> **TASK INSTRUCTIONS**
Skip the pictures and return every entry exactly as written.

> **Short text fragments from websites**

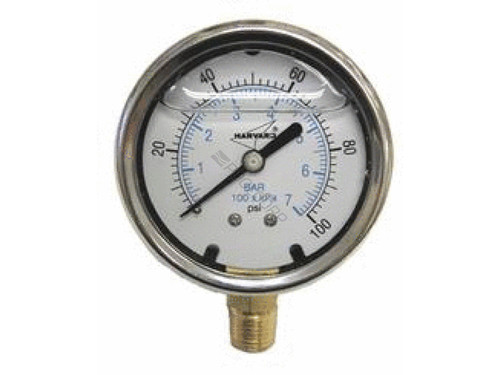 2.5" 0-30"Hg Btm Mount Liq Fill Vacuum Gauge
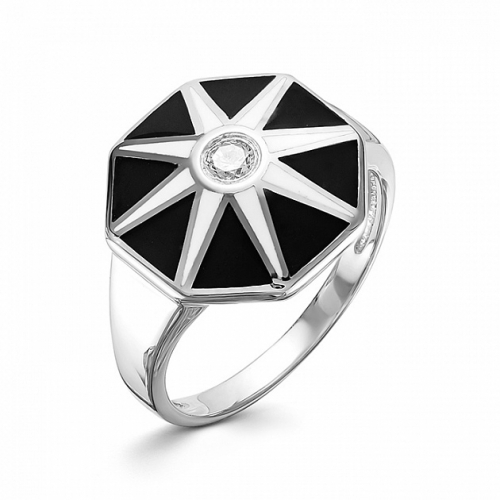 Ювелирная фабрика «Алькор» Серебряное кольцо c эмалью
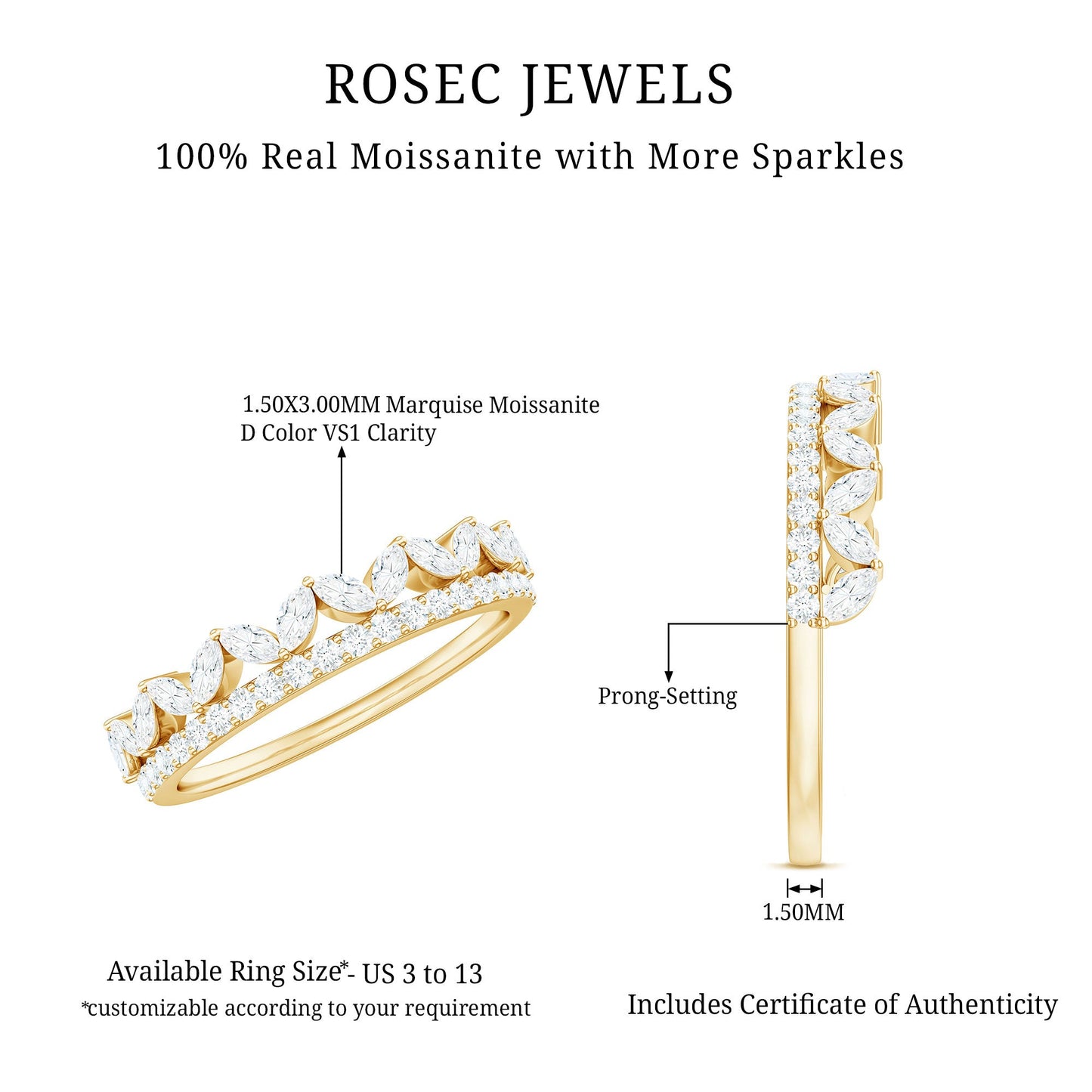 1 CT Moissanite Half Eternity Band Ring in Prong Setting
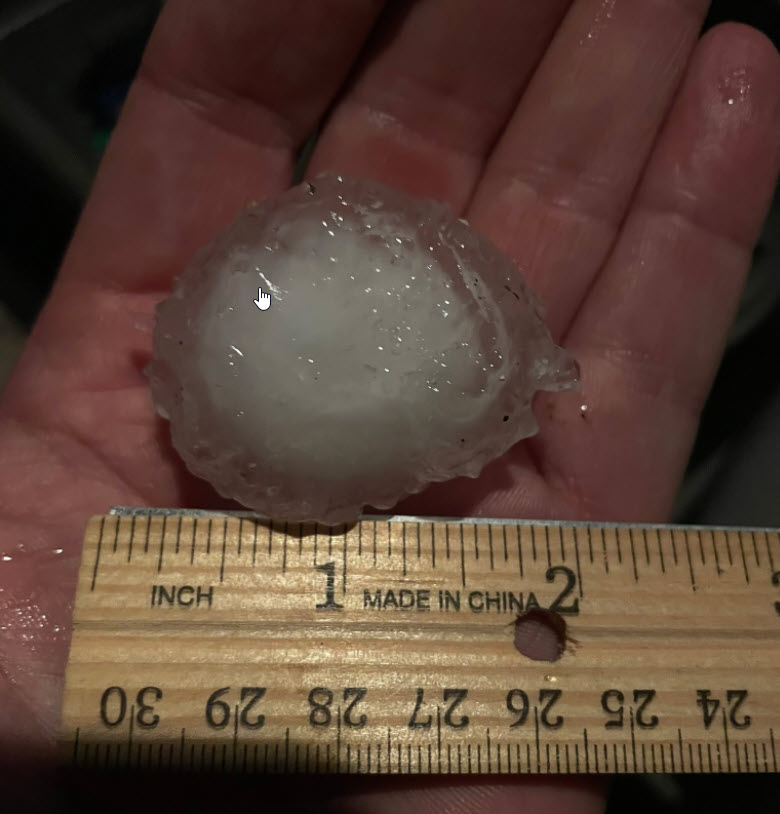 Large hail that fell about 35 miles east of Post on Tuesday evening (26 October 2021). The picture is courtesy of�Chad Casey.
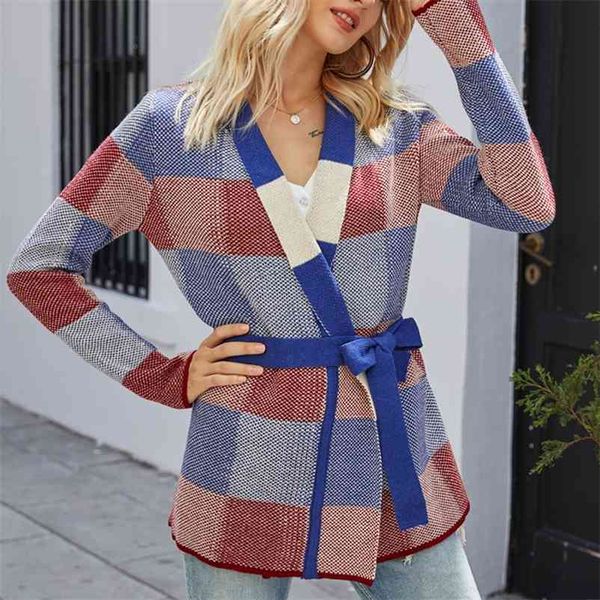

foridol plaid knitted sweater cardigan women vintage autumn winter ladies lace up belt casaul cardigan 210415, White;black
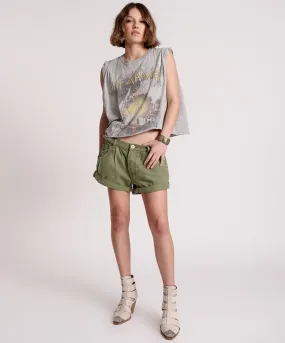 MILITARY KHAKI SMITHS TAILORED LOW WAIST DENIM SHORTS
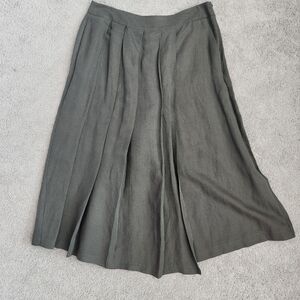 Zara Women Linen Pleated Wide Leg Cropped Trouser Pants, Olive Green, Size L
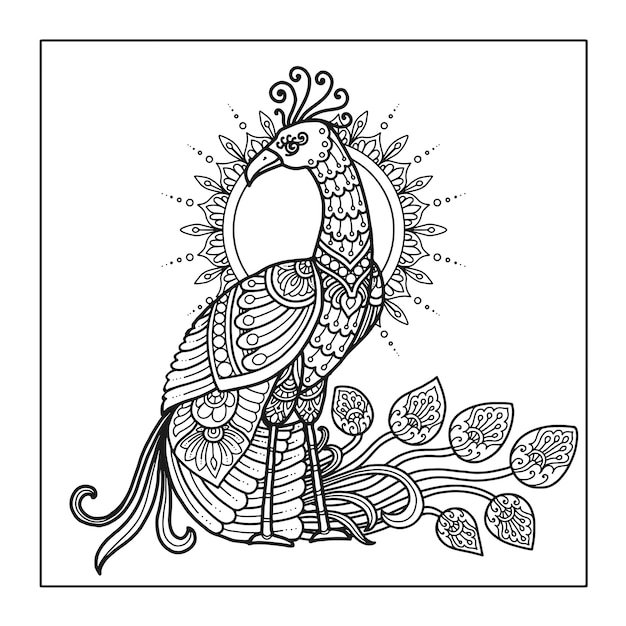 Diseño de mandala de pavo real para colorear libro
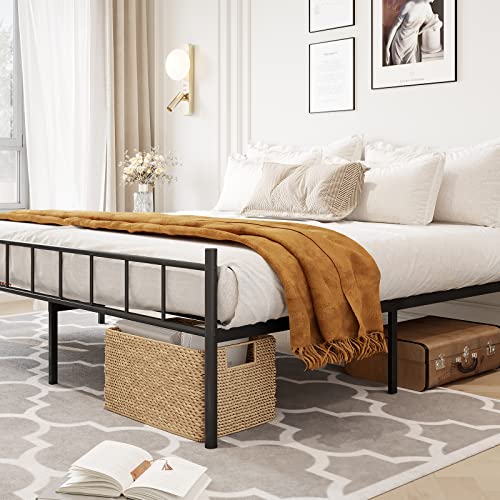 zizin 14 Inch Full Metal Bed Frame with Headboard and Footboard Heavy Duty Platform Bedframe No Box Spring Needed Balck,Round Tube,Easy Assembly,Full Size Frame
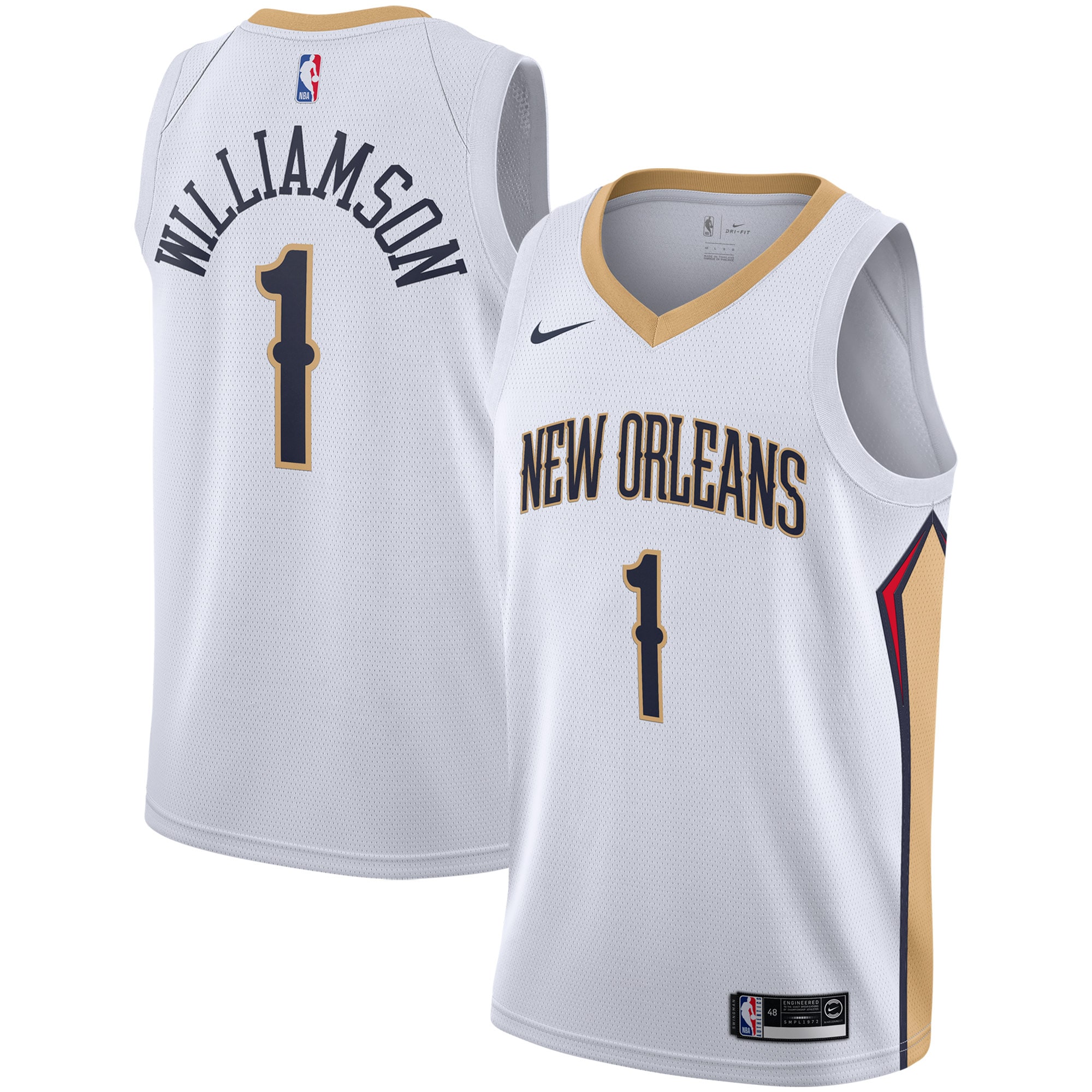 Zion Williamson #1 New Orleans Pelicans NBA Jersey - White | FanWearStyle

> **ANSWER BOX**
 2.5" 0-30"Hg Btm Mount Liq Fill Vacuum Gauge
 Ювелирная фабрика «Алькор» Серебряное кольцо c эмалью
 1 CT Moissanite Half Eternity Band Ring in Prong Setting
 Large hail that fell about 35 miles east of Post on Tuesday evening (26 October 2021). The picture is courtesy of�Chad Casey.

foridol plaid knitted sweater cardigan women vintage autumn winter ladies lace up belt casaul cardigan 210415, White;black
 MILITARY KHAKI SMITHS TAILORED LOW WAIST DENIM SHORTS
 Zara Women Linen Pleated Wide Leg Cropped Trouser Pants, Olive Green, Size L
 Diseño de mandala de pavo real para colorear libro
 zizin 14 Inch Full Metal Bed Frame with Headboard and Footboard Heavy Duty Platform Bedframe No Box Spring Needed Balck,Round Tube,Easy Assembly,Full Size Frame
 Zion Williamson #1 New Orleans Pelicans NBA Jersey - White | FanWearStyle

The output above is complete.